Sometimes buying software can be like buying a car. All of the car marketing that you used to ignore is now suddenly interesting now that you are car shopping. At one time you had no idea what dynamic traction control is and the next thing you know, you MUST have it. Remember the first time you bought a camera or a cell phone? You lived your entire life not needing to know a darn thing about GSM or 3G or resolution or HD and suddenly, you’re an expert (or at least you are working hard at being one).
Much like other purchases, when customers go to buy software, typically it’s an infrequent event and there’s a period where customers are figuring out what they need to worry about and what they don’t. Vendors selling something new and innovative have to move potential customers through the process of first understanding what they need to know in order to make a purchase decision before they can then convince them that their product or service is the best of many alternatives.
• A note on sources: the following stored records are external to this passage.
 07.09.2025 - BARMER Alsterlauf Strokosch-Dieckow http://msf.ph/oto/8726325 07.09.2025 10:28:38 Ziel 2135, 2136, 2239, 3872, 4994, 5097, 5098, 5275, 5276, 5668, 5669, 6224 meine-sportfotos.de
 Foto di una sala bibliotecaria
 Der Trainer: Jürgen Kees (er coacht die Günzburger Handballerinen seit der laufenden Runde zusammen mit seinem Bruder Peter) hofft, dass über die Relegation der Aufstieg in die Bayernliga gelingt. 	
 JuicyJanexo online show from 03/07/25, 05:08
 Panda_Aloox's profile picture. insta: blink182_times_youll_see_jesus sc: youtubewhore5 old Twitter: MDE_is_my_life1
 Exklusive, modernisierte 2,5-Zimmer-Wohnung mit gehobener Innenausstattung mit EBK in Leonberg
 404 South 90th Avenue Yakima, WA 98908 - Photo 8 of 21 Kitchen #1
Smaller companies I work with are often reluctant to try to influence customer buying criteria. The customer knows what they want and doesn’t want to be “sold.” I don’t believe that’s the right way to look at it. One of the main things prospects do is try to figure out a set of criteria they should consider. There’s no question in my mind that customers understand their pain and problems much better than you do. However, they aren’t always the experts in the different ways that those problems might be solved. Of course you have a bias – you would like those prospects to rank the things you do higher than the things you don’t do so well – customers, I believe understand that. However, you are also an expert in your market space. You know much more than the average customer does about the landscape of solutions to solve problems and I think customers would like you to share that knowledge.
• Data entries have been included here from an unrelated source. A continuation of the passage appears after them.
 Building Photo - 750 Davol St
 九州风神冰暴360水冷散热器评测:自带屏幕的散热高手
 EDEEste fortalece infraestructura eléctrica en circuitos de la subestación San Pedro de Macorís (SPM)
Some companies spend money on getting “neutral” third parties to do competitive comparisons and I think those have a lot of merit particularly where the goal is to try to quantify a concrete difference between products such as a different in performance. At the same time, I think a buyer’s guide written by a vendor is also valuable to prospects, particularly where the vendor has tried to be as neutral as possible and freely admits that they are not the right solution for every problem.
Materials you can create to help customers buy:
1/ A buyers guide – If you can keep this as neutral as possible and create it in a way that customers can tailor it for their own needs, I believe this can be really valuable. What are the key things a customer should consider? What things should they give a high or low priority to and why?
2/ Checklists – I’m working with a company now where the customers are completely crazy for checklists. Every customer comes into the sales process with a 10 page checklist of features that changes after every vendor meeting they have. Creating a starter checklist, particularly where they can add their own requirements to the ones you have suggested helps prospects get started as much as it helps ensure that they are thinking about your key features when they evaluate products.
3/ Feature Comparisons – different vendors have different approaches to solving a particular problem and those approaches have pluses and minuses. An article/whitepaper/blog post that describes how customers might make a decision between competing approaches can help customers pre-qualify themselves as a good fit for your solution. I know this scares some vendors, but getting customers that aren’t a good fit for your product out of the pipeline quickly so that you can focus on the ones that are a good fit is a really good thing.